CRM Analytics

Discovering potential trends, analyzing and predicting customer behavior, evaluating corporate performances are just a few of the valuable contributions of the application of statistical and mathematical models: a competitive benefit too important to be ignored!

Nowadays, every process to transform data in valuable information can be called Analytics. Conversely, we like to consider a less generic and more personalized concept, envisaging the use of statistical techniques, mathematical models, predictive models and machine learning algorithms.

We are specialized in the application of analytical methods of data analysis, based on the best technologies available on the market and on the know-how achieved from different CRM contexts for several industries.

Among these, considering Big Data Analytics, we can cite:

  • the analysis of unstructured data in the banking industry. For instance in bank transfer reasons for payment, through text mining and machine learning techniques;
  • the Market Basket Analysis used for the identification of breakpoints of the customer journey; like the next best offer in the Telecommunications and Retail industry
    the development of propensity and churn models.
DATA MINING

Consist of all analysis methods with the aim of find links between data, to forecast an event. It was born as a fusion of three fields of mathematical and statistical applications: machine learning, artificial intelligence and statistics itself.

The key tools in this field are algorithms and machine learning techniques, to conduct high benefit analysis for business needs. For instance, the customer segmentation, the identification of propensity indices for the purchase of products or of default risk. In addition, it makes possible to improve the decision-making process, optimizing the cost of marketing actions and providing information about the next best product for any single customer.

Forecasting

This method deals with predictive analysis of trend information, generally considering time series. A fundamental assumption in this context is the stationarity of the phenomena. In other words, the factors, which influence the series trend in the past, remain stable over time.
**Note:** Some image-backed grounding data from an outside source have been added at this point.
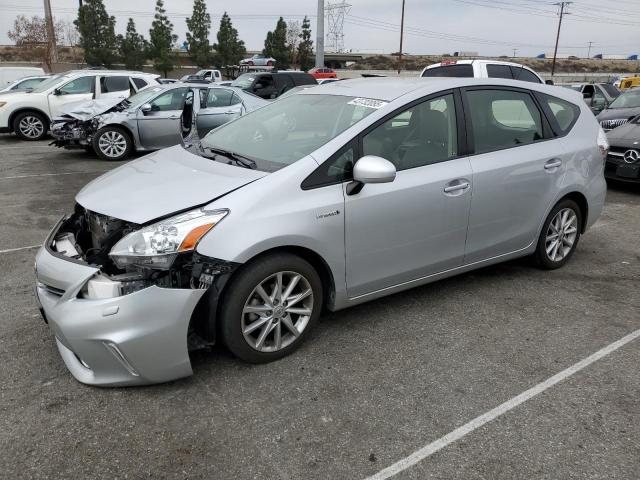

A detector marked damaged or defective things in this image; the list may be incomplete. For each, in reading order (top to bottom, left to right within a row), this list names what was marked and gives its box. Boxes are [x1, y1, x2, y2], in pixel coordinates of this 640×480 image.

crumpled hood [59, 97, 127, 121]
crumpled hood [604, 120, 640, 144]
crumpled hood [76, 144, 266, 223]
exposed headlight assembly [109, 208, 228, 270]
broken headlight [109, 208, 229, 270]
detached bumper cover [34, 244, 205, 386]
damaged front bumper [33, 214, 236, 386]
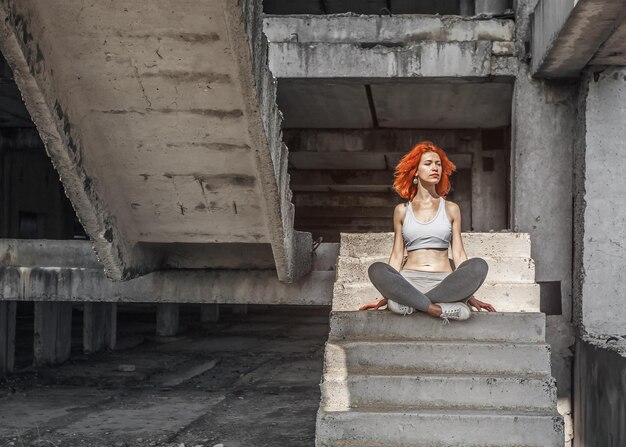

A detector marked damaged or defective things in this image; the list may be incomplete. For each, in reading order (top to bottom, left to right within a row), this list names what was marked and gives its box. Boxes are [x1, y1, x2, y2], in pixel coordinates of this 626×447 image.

cracked concrete surface [0, 306, 324, 446]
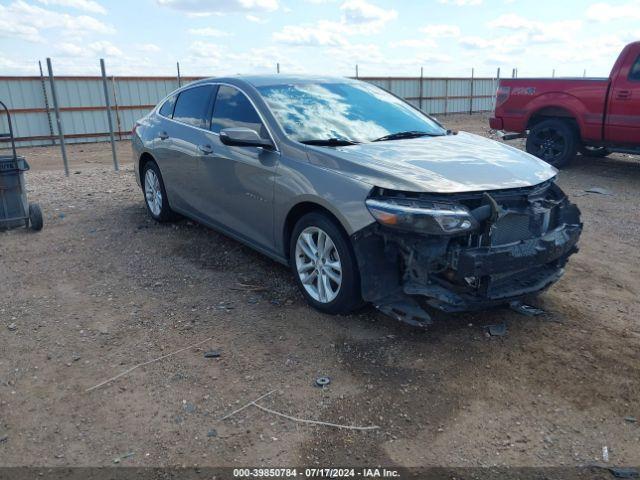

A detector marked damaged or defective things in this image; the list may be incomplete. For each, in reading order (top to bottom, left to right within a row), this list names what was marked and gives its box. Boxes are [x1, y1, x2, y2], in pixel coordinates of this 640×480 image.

damaged chevrolet malibu [132, 76, 584, 326]
cracked headlight [368, 198, 478, 235]
bent hood [304, 132, 556, 194]
crushed front bumper [352, 181, 584, 326]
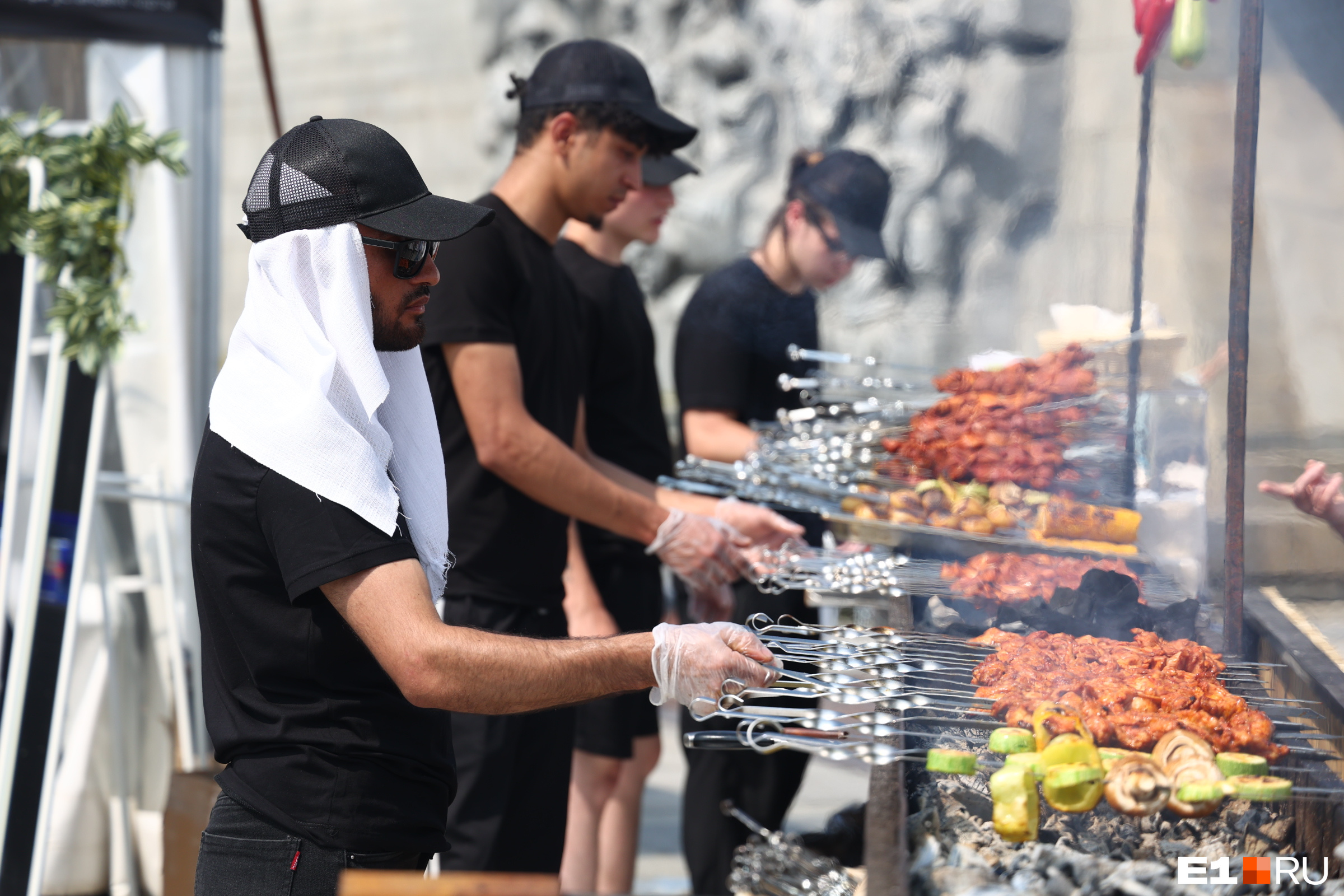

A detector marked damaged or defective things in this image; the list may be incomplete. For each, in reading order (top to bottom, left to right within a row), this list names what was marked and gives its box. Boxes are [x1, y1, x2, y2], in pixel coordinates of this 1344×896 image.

rusty metal rod [1123, 61, 1156, 510]
rusty metal rod [1225, 0, 1263, 664]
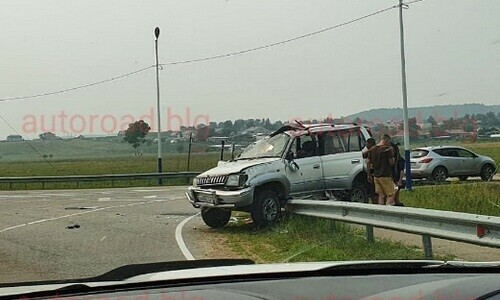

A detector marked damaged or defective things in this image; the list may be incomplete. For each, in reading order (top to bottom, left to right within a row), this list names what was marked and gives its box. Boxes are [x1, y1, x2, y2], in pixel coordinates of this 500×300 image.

damaged silver suv [187, 123, 372, 226]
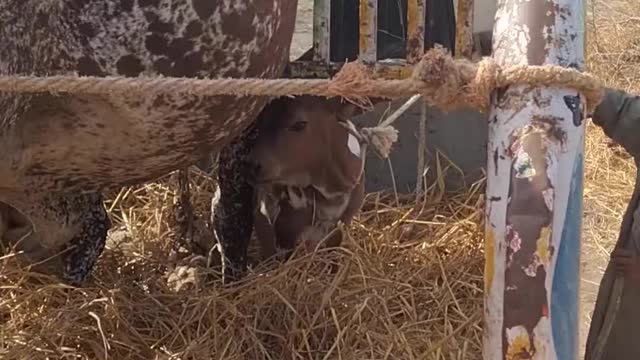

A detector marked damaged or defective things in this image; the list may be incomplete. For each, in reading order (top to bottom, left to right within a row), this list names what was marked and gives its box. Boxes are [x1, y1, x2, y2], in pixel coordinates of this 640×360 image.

peeling paint on pole [484, 0, 584, 360]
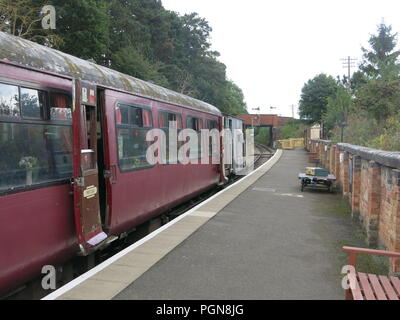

Understanding these kind of connections, identifying such factors and defining scenario analyses can be of great interest in contexts of forecasting sales, inventories, workloads, etc. The main benefit of this analyses is the consciousness in terms of future scenarios, suitable for who must manage corporate decision-making processes.

Optimisation

This is a mathematical analysis that, despite the definition of some constraints, allow to establish an objective function. For this reason, optimization techniques help to define the drivers for setting a budget, for choosing the customer base, with the highest propensity to purchase based on contact policy, etc.

Text Analytics

It is an analysis of unstructured data. For instance, in the world of web, mobile and social media these techniques play an important role in extracting information, usually not accessible and not analyzable. Knowing more information helps to classify, and to correctly segment customers. Moreover, some previously unknown phenomena are disclosed, and they are useful to adapt a company’s commercial strategies and enrich its database with new valuable information.